**Listed records**

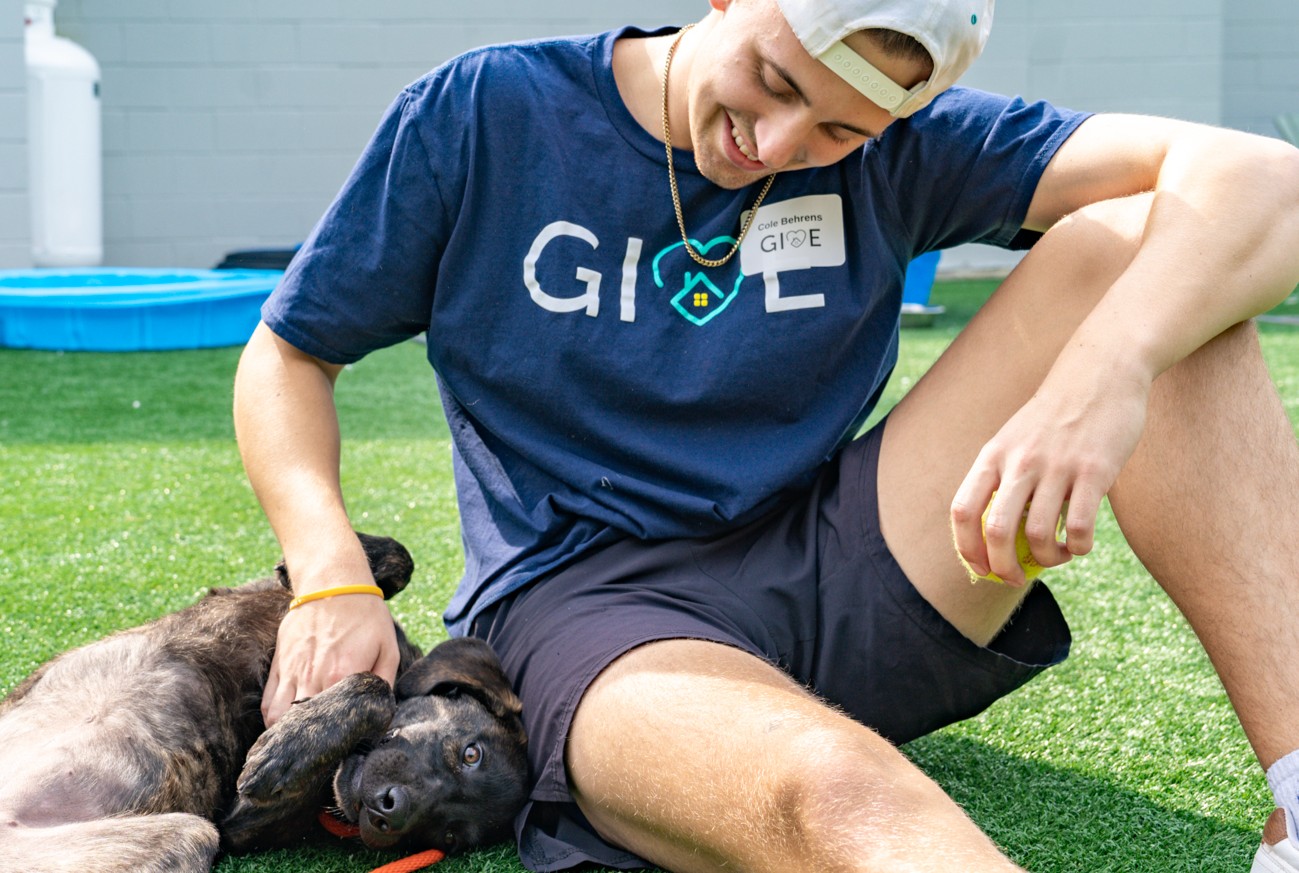 A young man in a navy t-shirt and shorts sits on grass, smiling while petting a playful black puppy lying on its back beside him. The man wears a backward cap and a name tag, and there's a blue kiddie pool in the background.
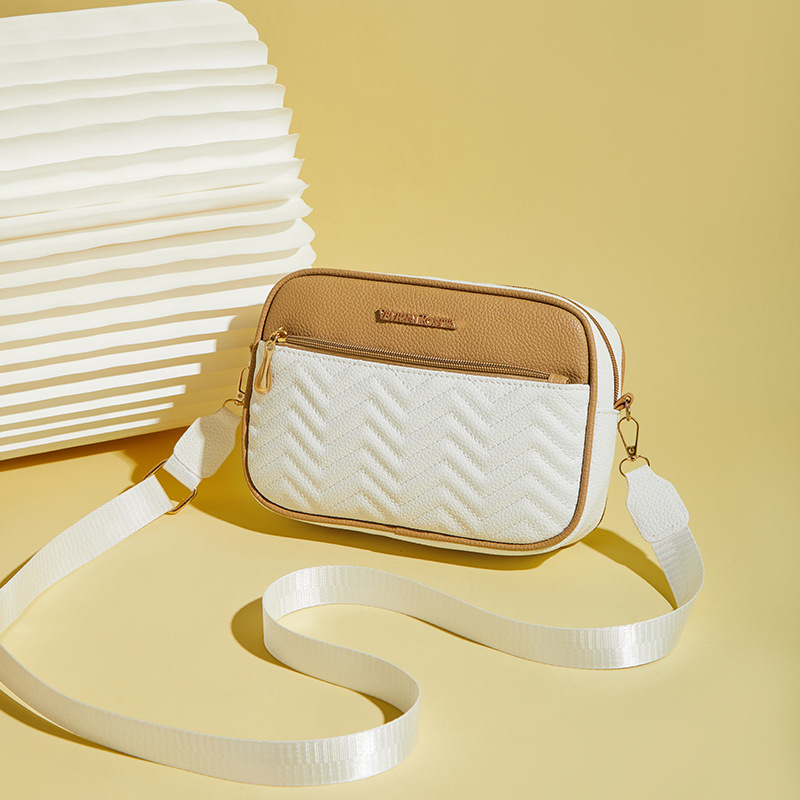 Ženska crossbody torba od PU, horizontalni kvadratni oblik, zatvarač, unutarnji džepovi za telefon i ID, gradski stil jednostavnosti.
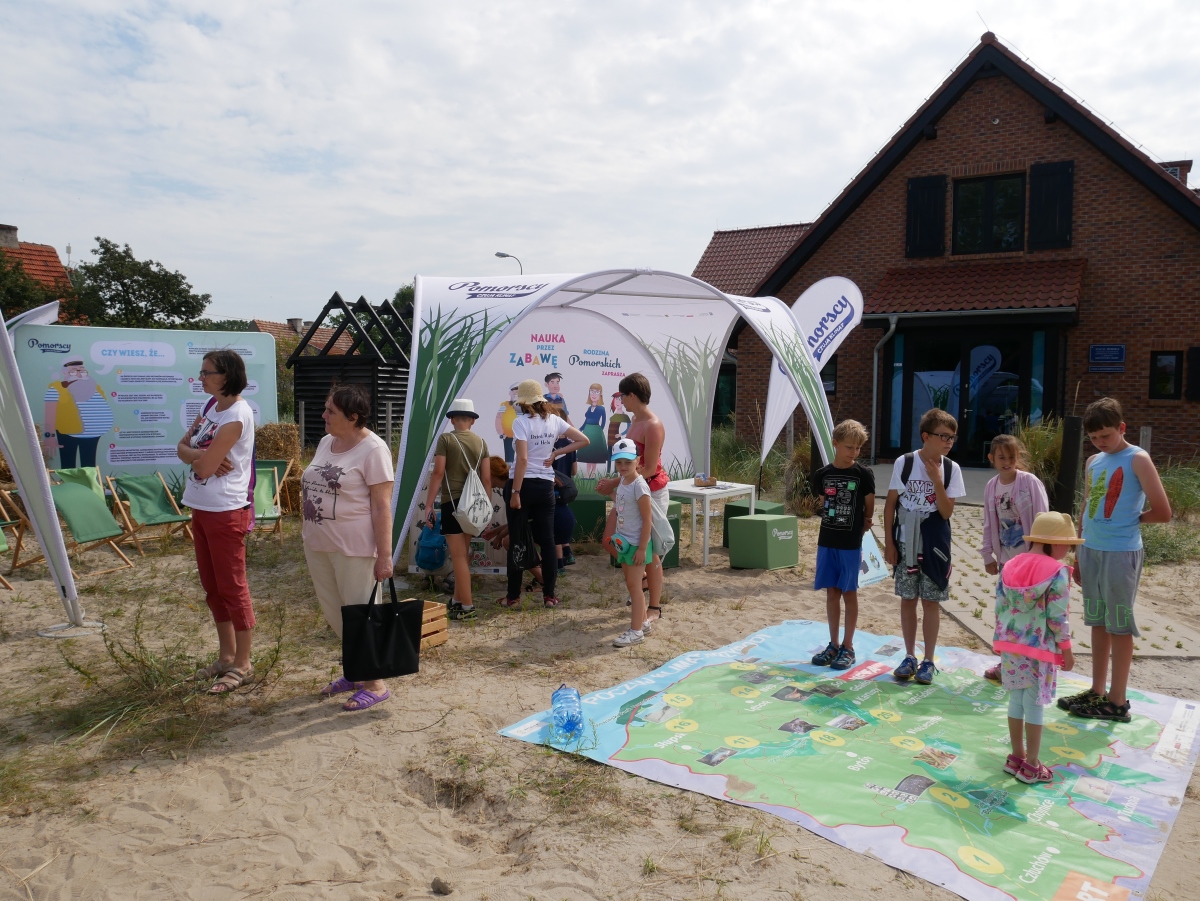 Edukacyjne stoisko Rodziny Pomorskich podczas Dnia Ryby w Helu; na zdjęciu widać namiot, na ziemi leżą rozłożone puzzle, dookoła dużo dzieci i dorosłych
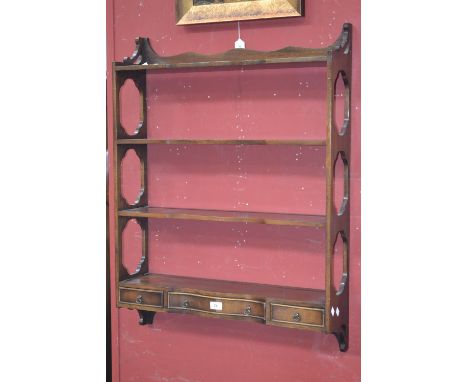 A Bevan Funnell mahogany four tier wall shelf, serpentine shelving, one long drawer flanked by short to base.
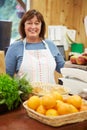 Female Sales Assistant At Checkout Of Farm Shop Royalty Free Stock Photo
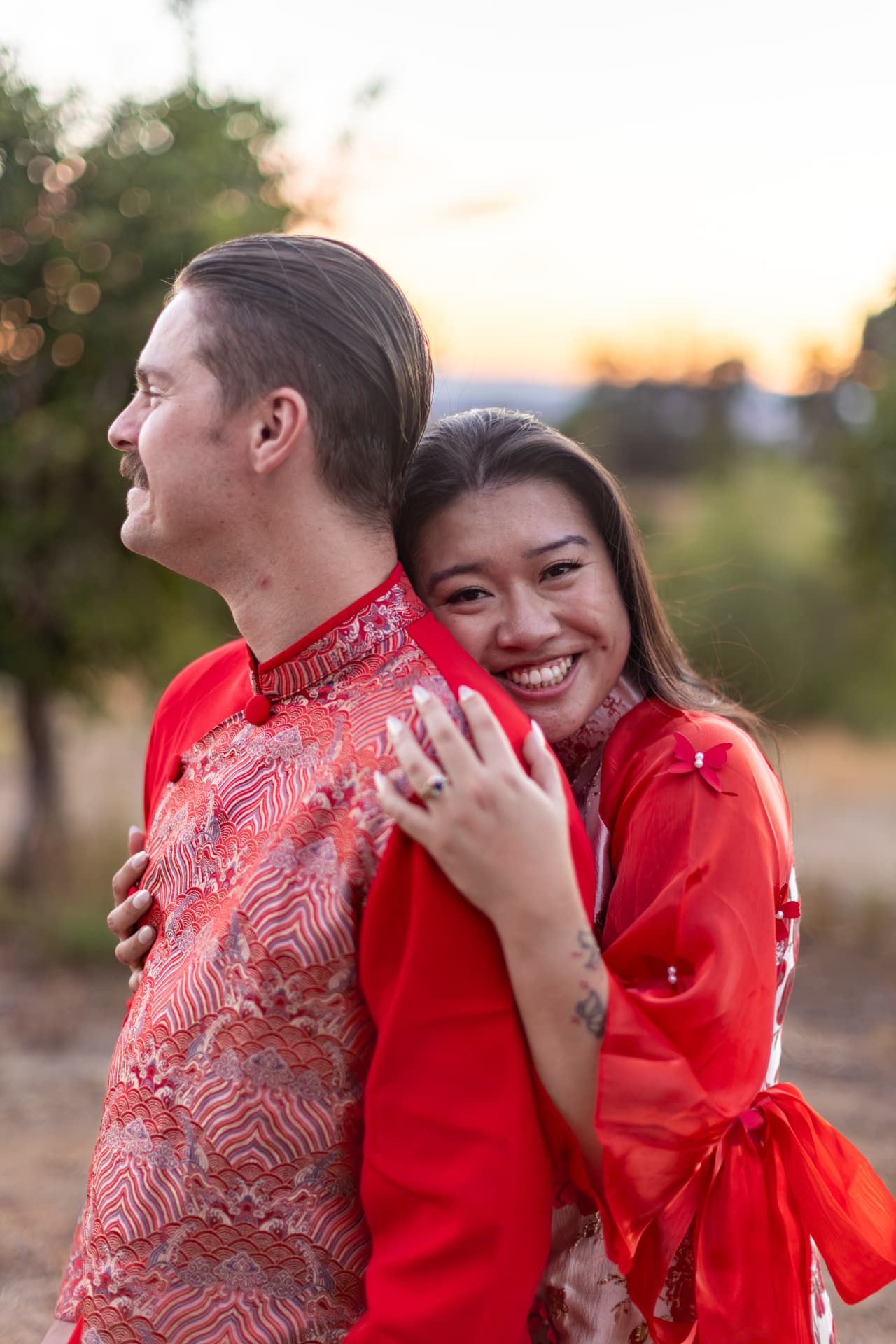 Woman smiling warmly at the camera while embracing a man from behind in golden sunset light, Thanh & Nicholas engagement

**Exercise directions**
Your task is to restate word for word the lines from the one containing "A Bevan Funnell" through the last line of the data, both ends included, with no pictures.

**Task response**
 A Bevan Funnell mahogany four tier wall shelf, serpentine shelving, one long drawer flanked by short to base.
 Female Sales Assistant At Checkout Of Farm Shop Royalty Free Stock Photo
 Woman smiling warmly at the camera while embracing a man from behind in golden sunset light, Thanh & Nicholas engagement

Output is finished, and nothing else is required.